All dropdowns will remain open until the user navigates away from it (clicking off it or onto another element), closing automatically once they do.
Items within an open dropdown have their own states depending on the type of dropdown and the elements therein.
Some dropdowns contain more items than there is room to comfortably display, even with nesting into item groups. In these situations the inclusion of a scrollbar may be used to allow the inclusion of all top-level items on the same strata or a submenu may be used to compensate.
Dropdowns may contain a variety of content but all function in a similar manner. They present items and interfaces to the user on activation and stow their content when not in use.
Dropdowns only open on-activation, not on hover. A Dropdown’s content opens below its label (unless space is unavailable for it to do) and appears as a connected container listing available items.
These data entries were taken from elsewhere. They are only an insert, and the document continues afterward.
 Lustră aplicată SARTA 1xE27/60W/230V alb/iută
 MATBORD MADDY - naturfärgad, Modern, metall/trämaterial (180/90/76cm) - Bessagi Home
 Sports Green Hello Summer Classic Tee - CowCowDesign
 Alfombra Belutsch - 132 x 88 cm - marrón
Once opened a Dropdown will remain open until the user has made a selection or has navigated away from the element.
Dropdowns automatically close once a user has made a selection (for single-selection dropdowns), clicks on the element action trigger again, or navigates away from the element.
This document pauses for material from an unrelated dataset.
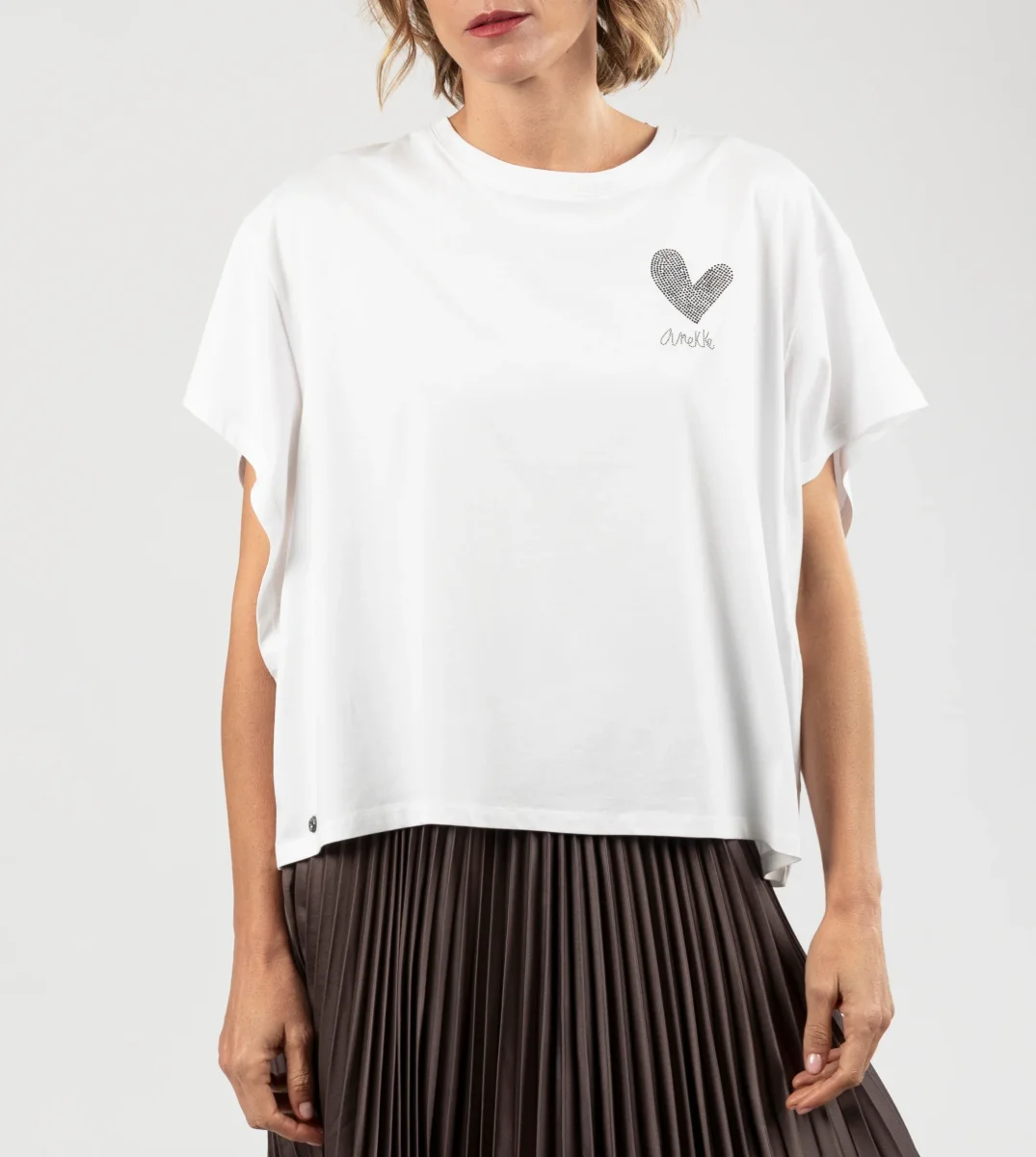 Crop top blanco Anekke - Imagen 3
When a Dropdowns contains more items than there is room to comfortably display the Dropdown will enter into a state of “overflow”. How the overflow is displayed depends on the type of Dropdown:
When an Interface Dropdown enters the overflow state it invokes a Scrollbar to allow navigation of the Dropdown’s content.
When a Menu Dropdown enters the overflow state the section of its content (which would otherwise be cut off) becomes nested into a new menu item and attached submenu.